§ Aim of the exercise
Reproduce the listing below exactly, minus its pictures.

§ Dataset content
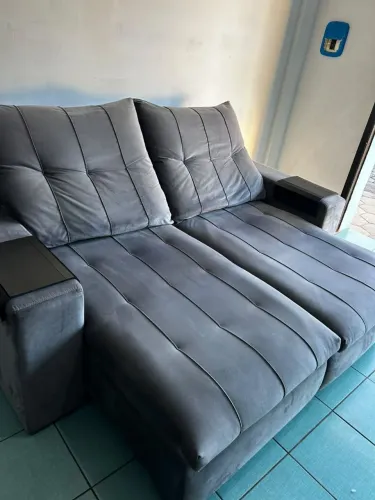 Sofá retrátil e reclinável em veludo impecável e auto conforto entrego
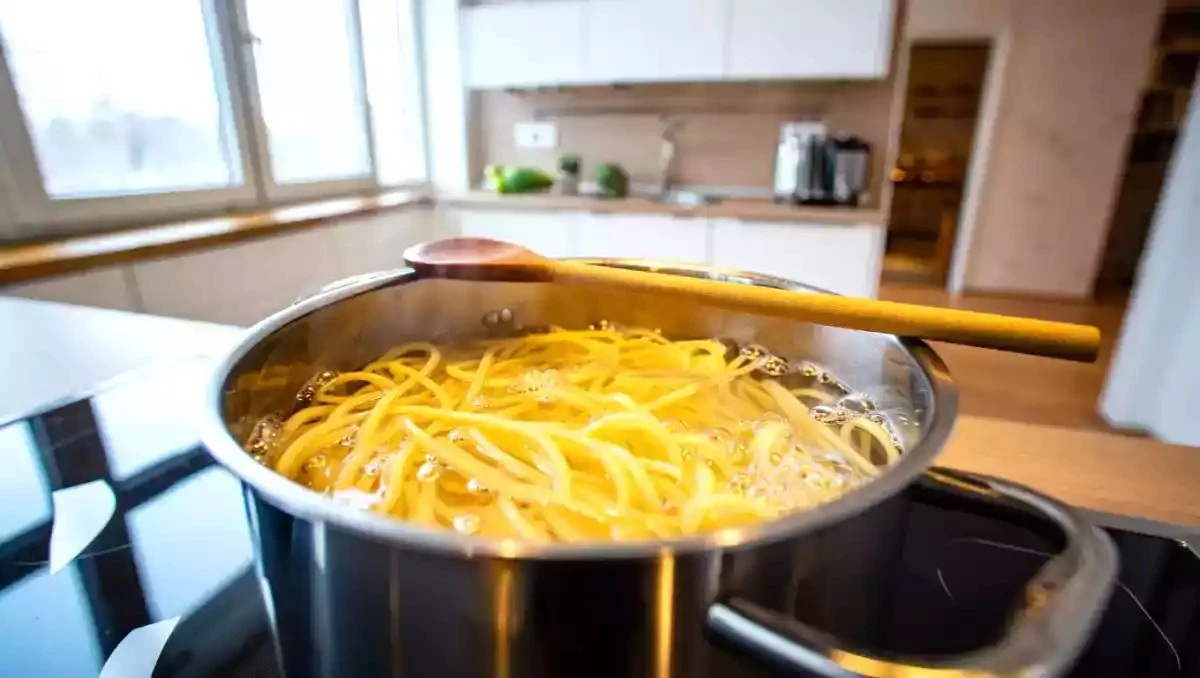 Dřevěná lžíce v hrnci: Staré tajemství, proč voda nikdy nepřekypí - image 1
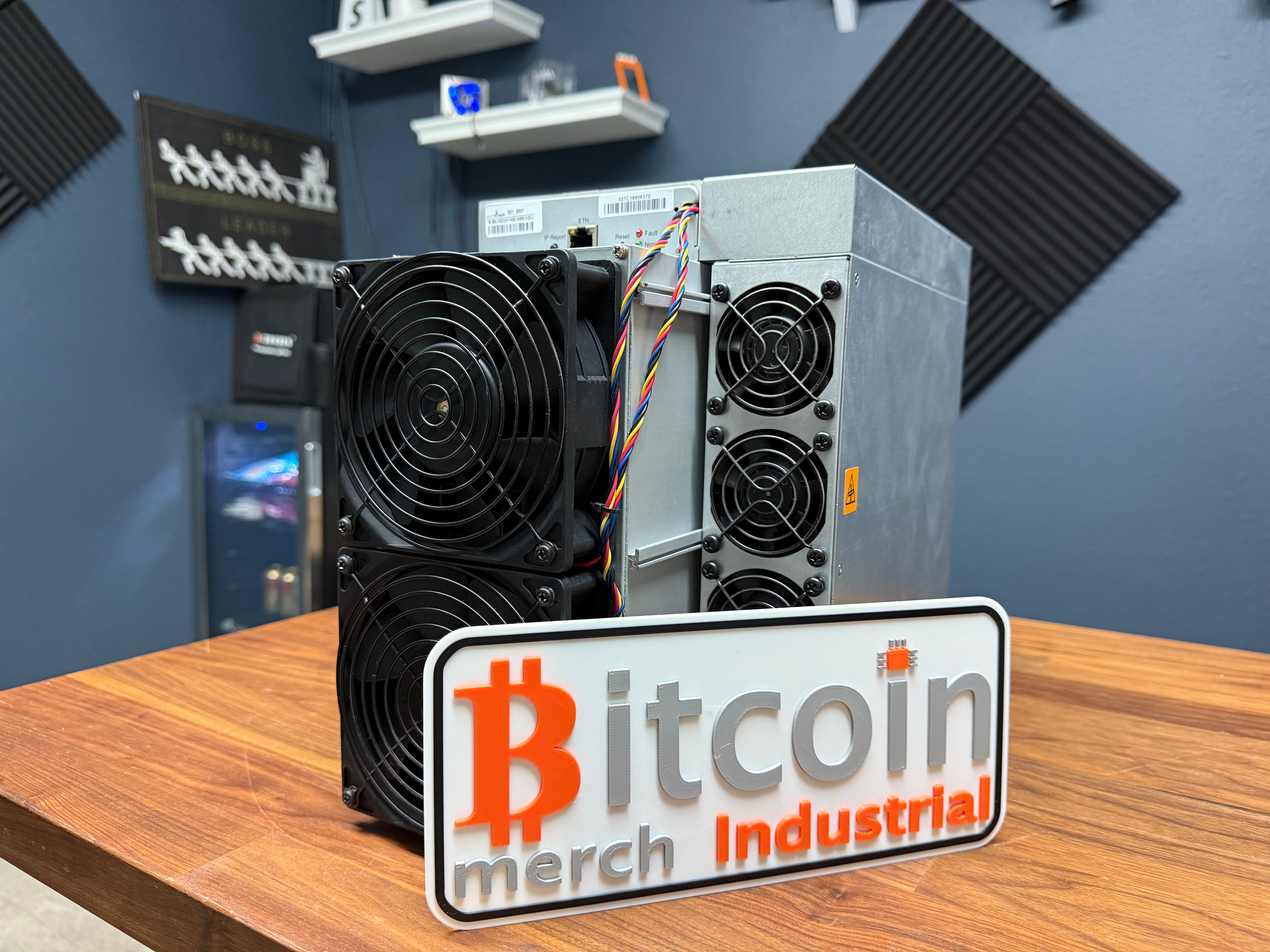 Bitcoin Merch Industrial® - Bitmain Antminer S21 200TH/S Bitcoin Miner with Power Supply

§ Solution for this problem
 Sofá retrátil e reclinável em veludo impecável e auto conforto entrego
 Dřevěná lžíce v hrnci: Staré tajemství, proč voda nikdy nepřekypí - image 1
 Bitcoin Merch Industrial® - Bitmain Antminer S21 200TH/S Bitcoin Miner with Power Supply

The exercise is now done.